Who can resist driving rhythms, leaping bodies, and spin-on-a-dime choreography? Taiko is one of the exciting developments in Asian American music, and the North American taiko scene is absolutely bursting with creative spirit. New groups spring up by the day and audiences flock to taiko events.
Japanese taiko has been played in Buddhist rituals and festivals for several thousand years, but kumi-daiko, or massed ensembles of Japanese drums, is a post-World War II phenomenon that has been in North America since only 1969. Although there are several thousand taiko groups in Japan, JASC Tsukasa Taiko is one of about one hundred and fifty taiko groups in North America and only a handful of taiko groups in Chicago. Tsukasa Taiko brings striking energy and vision to the taiko scene. It is strongly community-based and deeply connected to Japanese traditional musics.
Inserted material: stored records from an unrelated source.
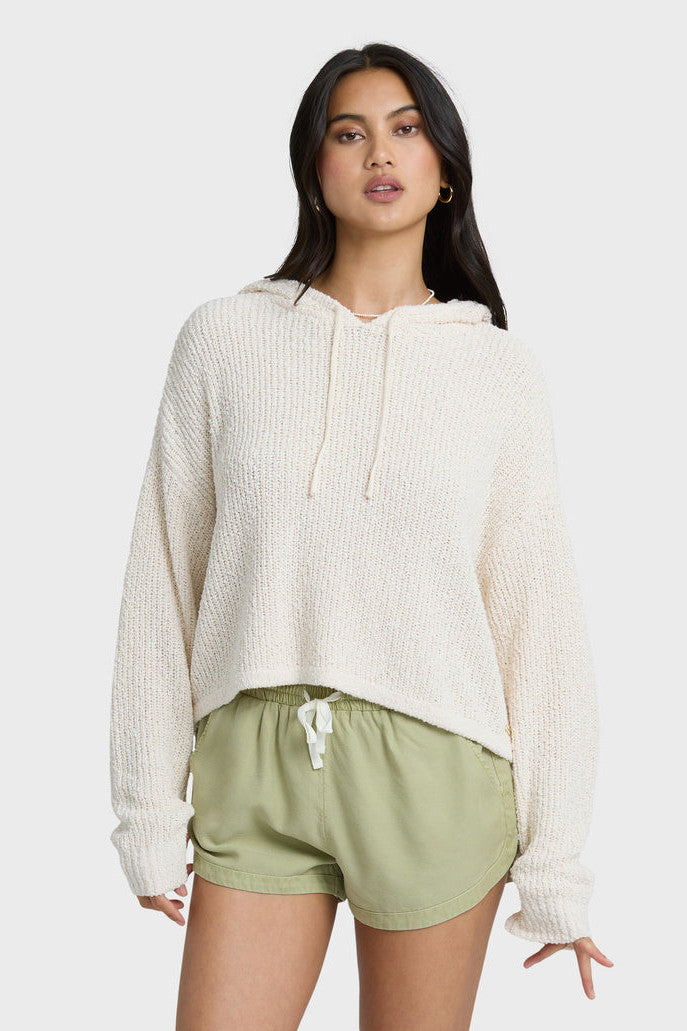 Woman wearing a white knit hoodie and green shorts on a white background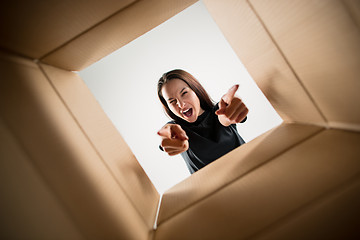 Image showing Woman unpacking and opening carton box and looking inside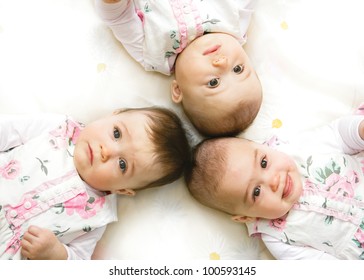 Close-up Portrait Of Three Babies Lying On Floor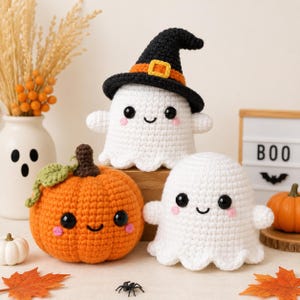 Può includere: Due fantasmi all'uncinetto bianchi e una zucca all'uncinetto arancione. Un fantasma indossa un cappello da strega nero con una fascia arancione e una fibbia gialla. Ogni figura ha occhi neri, un sorriso ricamato e guance rosa. Un piccolo ragno nero.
Tsukasa Taiko is engaged in distinctively Asian American identity work in an urban Midwestern context. It is based at the Japanese American Service Committee of Chicago, a social service non-profit agency that offers a wide range of programs and services supporting the local Japanese American community. Tsukasa Taiko's dojo (studio for teaching) is strategically located where it can best reach Japanese Americans, from the children and grandchildren of former internees who relocated to Chicago after World War II, to recently-arrived Japanese immigrants. Tsukasa Taiko is also supported by Asian Improv aRts Midwest, which builds community through Asian American culture and performance via a broad-based circle of musicians who combine astonishingly inventive creative work with socially-grounded political effort. The sounds on this album thus emerge from the intersection of politics, culture-making, community-building, and music.